Sur la bordure littorale, le ressenti des températures est tout de même un peu plus agréable. Il fait déjà moins chaud sous l’effet des alizés qui se rafraîchissent sur l’océan et le vent généralement bien présent en journée sur la côte augmente l’évaporation de la transpiration, d'où une sensation de "fraicheur". Avec une température moins élevée et en même temps un meilleur ressenti grâce aux bienfaits des alizés, le confort physiologique est déjà meilleur sur les communes du proche littoral.
Les températures observées en Guyane restent donc supportables même si on s'approche parfois des limites du confort physiologique. La limite est temporairement franchie quand l'absence de vent se conjugue à une température élevée et une humidité assez importante.
Les fortes chaleurs observées les après-midi de saison sèche dans les communes de l’intérieur sont heureusement généralement associées à un faible taux d’humidité tandis que sur la bordure littorale, des températures moins élevées associées à l’effet bienfaiteur des alizés favorisent un meilleur ressenti. On peut toutefois nuancer le propos avec en zone urbaine des secteurs plus chauds avec le béton des murs et le goudron au sol qui stockent la chaleur ou peuvent couper le vent, créant ainsi une atmosphère plus difficile à supporter. Ces ilots de chaleur urbain (ICU) peuvent avoir une température supérieure de quelques degrés (entre 2 et 7degrés ) à la campagne environnante. Cet écart de température se retrouve bien sûr en journée sous l'effet du soleil mais aussi la nuit quand le béton et le goudron restituent la chaleur accumulée en journée.
Réchauffement climatique en cours et à venir.
Ce graphique nous montre l’évolution de la température annuelle en Guyane depuis 1955.
Seuls les postes climatologiques historiques ont été sélectionnés (Matoury aéroport, Maripa-Soula, Saint-Laurent, Saint-Georges et Cayenne) pour avoir plus de recul, les autres postes climatologiques n'ont pas la même profondeur dans le temps. La hausse est très nette. La température en Guyane s’est élevée de près d’1,4°C entre 1955 et 2010. L'année 2016 est à ce jour l'année la plus chaude enregistrée en Guyane et de plus, à l'exception des années 2014 et 2018 (un peu plus fraiches), toutes les années à partir de 2010 figurent dans le top10 des années les plus chaudes en Guyane.
Comme partout dans le monde, le changement climatique et ses impacts sont au cœur des préoccupations des gestionnaires, des entreprises et du grand public en Guyane. Quelle sera l’intensité du réchauffement, de l’élévation du niveau de la mer à l’horizon 2100 ? Les épisodes de forte houle et de submersion marine vont-ils s’intensifier ? Doit-on s’attendre à une multiplication des événements de forte pluie, ou au contraire à des périodes prolongées d’étiage, voire de sécheresse ?

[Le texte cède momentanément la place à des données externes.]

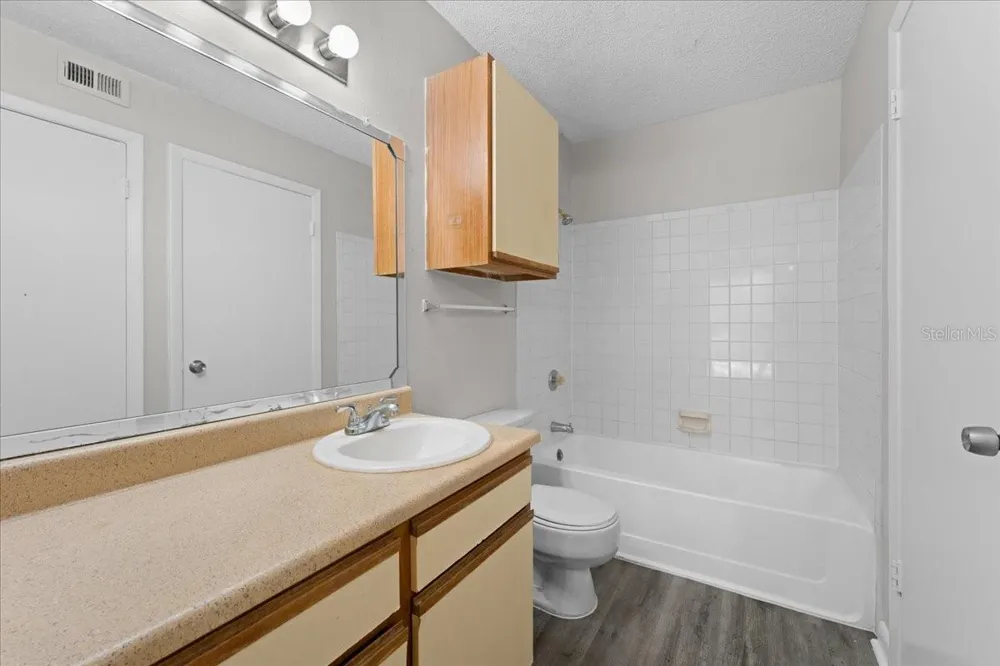 8641 FANCY FINCH DRIVE #102 Tampa, FL 33614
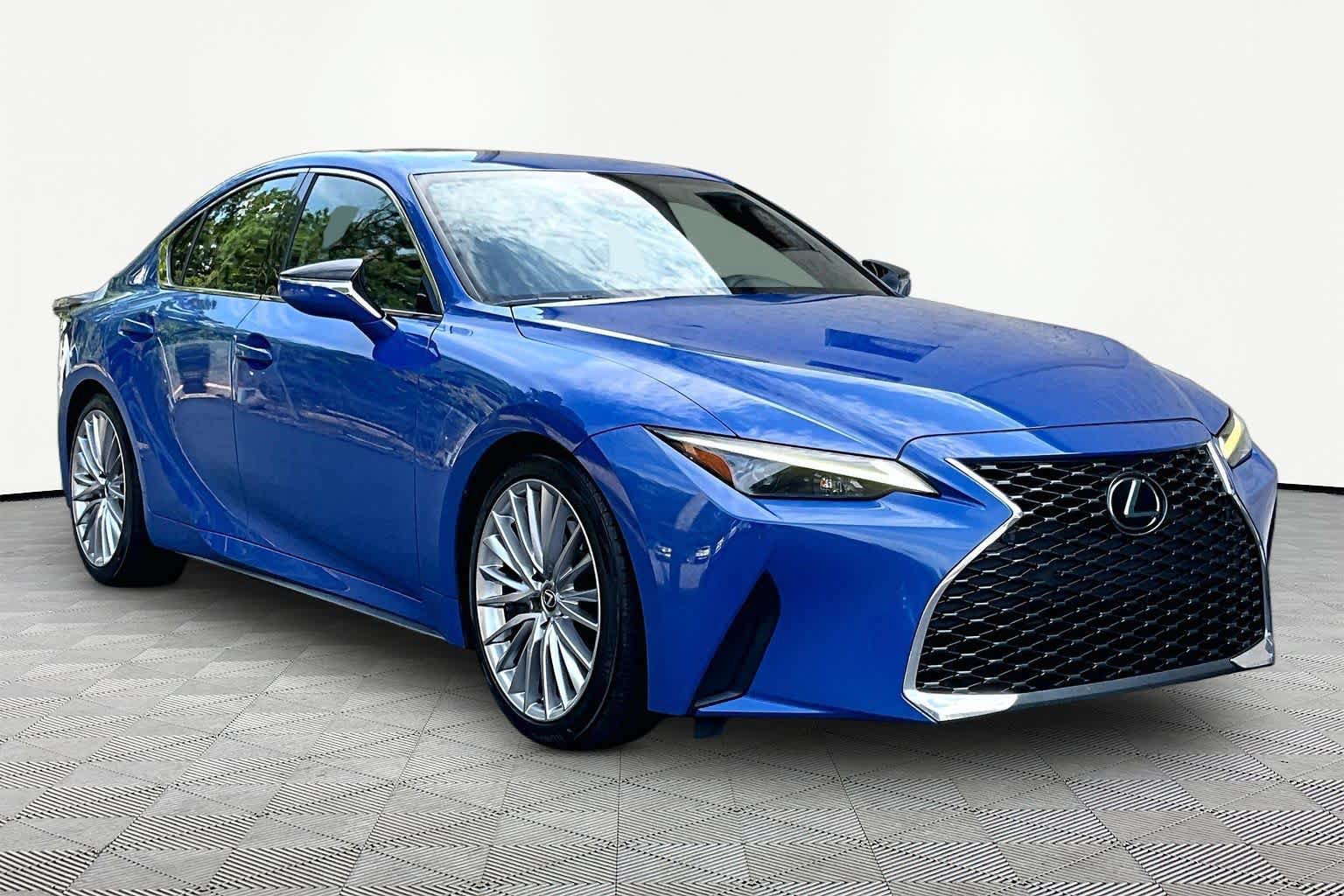 Used 2023 Lexus IS 300 w/ Premium Package RWD image 6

Pour tenter de répondre à ces questions, le Bureau de Recherches Géologiques et Minières (BRGM) et Météo-France DIRAG ont monté le projet GuyaClimat, soutenu par la Direction Générale des Territoires et de la Mer (DGTM, ex-DEAL de Guyane), l’Agence de l’Environnement et de la Maîtrise de l’Énergie (ADEME). Les conclusions du projet Guya-Climat sont attendues pour octobre mais il est déjà acté que la Guyane comme le reste de la planète va continuer à se réchauffer. A ce niveau là chaque dixième de degrés va compter et on se rapprochera sans doute un peu plus des limites de confort physiologique. Il faudra s'adapter, mais des solutions existent comme augmenter les surfaces ombragées par les arbres en milieu urbain ou tirer plus partie des bienfaits rafraichissants des alizés. Certaines solutions feront appel à l'innovation tandis que d'autres s'inspireront du passé comme les maisons créoles traditionnelles qui ont déjà fait leur preuve en matière de confort thermique.